Dans un communiqué du 17 octobre 2013, la CNIL a annoncé que le centre hospitalier s’était mis en conformité suite à la mise en demeure en mettant en oeuvre plusieurs mesures telles que la suppression de l’accès, par le sous-traitant, aux dossiers médicaux des patients, qui demeurent désormais sous la seule autorité du médecin responsable de l’information médicale de l’établissement, et la formalisation d’une politique stricte de sécurité des systèmes d’information. [2].

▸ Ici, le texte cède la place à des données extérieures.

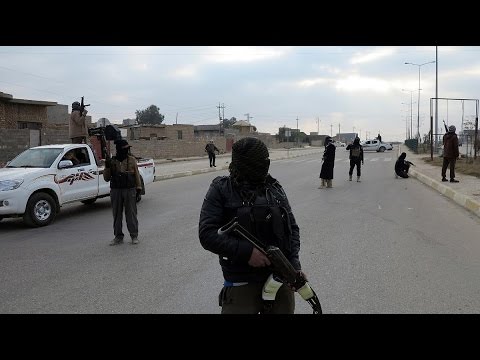 داعش يجبر أهالي الرقة على التبرع بالدم لمقاتليه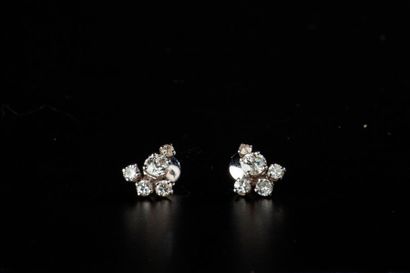 null Paire de boucles d'oreille en or gris 18k serties de cinq diamants taille brillant,...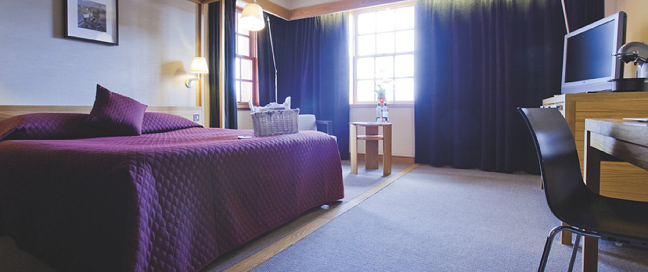 Radisson Blu Edinburgh - Business Room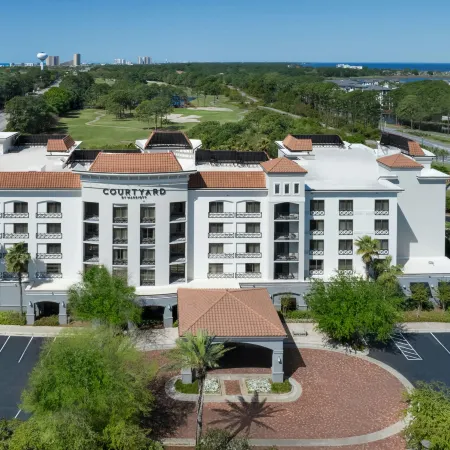 Courtyard Sandestin at Grand Boulevard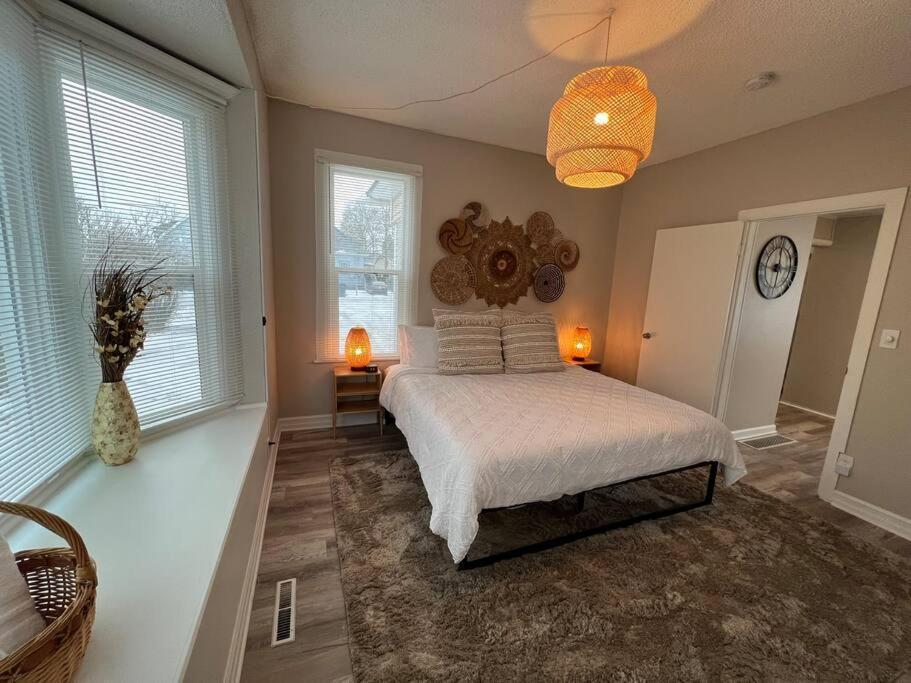 A Very Unique Quirky And Comfortable Home Spokane Exterior photo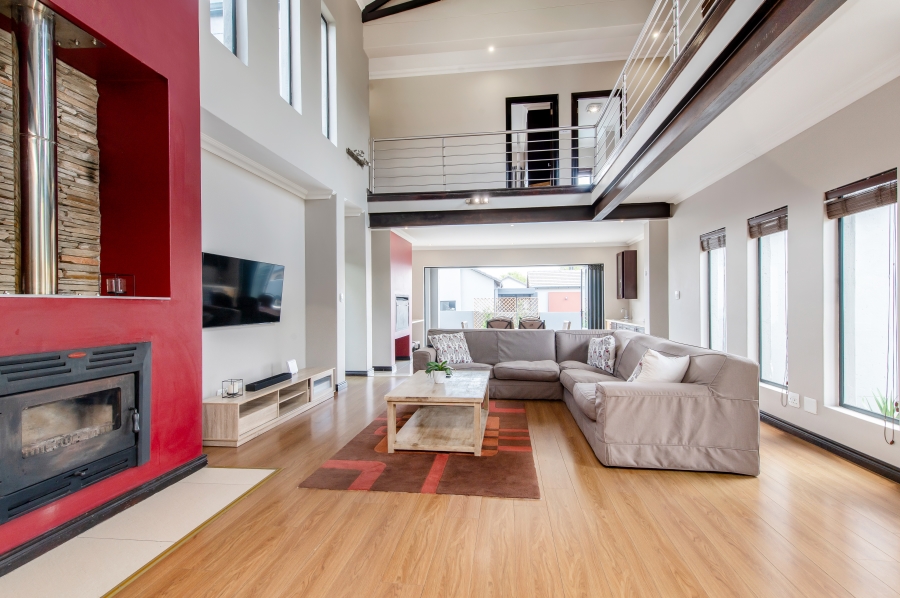 5 Bedroom Property for Sale in Copperleaf Estate Gauteng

Compte tenu de cette mise en conformité, la CNIL a décidé de clôturer la procédure à l’encontre du centre hospitalier de Saint-Malo.
Discussions en cours :
a regarder
Bonjour j’aurai souhaité avoir votre avis sur une situation un peu partciulière Selon la loi L.1111-8 du Code de la Santé Publique il est prévu un agrément des hébergeurs de données de santé (via l’ASIP Santé - Agence des Systèmes d’Information Partagés de Données de Santé).
Avez-vous connaissance de cette loi ? Savez-vous si elle s’applique à la recherche ? à la Pharmaco-vigilence ?
merci d’avance
cdmt
Bonjour,
Votre article ne parle pas des conditions pour le stockage physique des données de santé.
Est-il également soumis à agrément ? Y’a-t-il des contraintes particulières prévues ?
Merci de votre aide.
Cordialement
Bonjour,
Savez-vous s’il faut absolument héberger les données patient sur un serveur agrée ASIP ?
Si c’est le cas, le serveur doit-il être obligatoirement en France ?
L’article est un peu ancien. La procédure a depuis été revue par la loi de santé du 26 janvier 2016. Source : https://www.juristique.org/actualit.... L’agrément passe désormais par l’obtention de certifications ISO, sous le contrôle du ministère et des professionnels de la santé. La mise en place de la réforme doit se faire au 1er janvier 2019.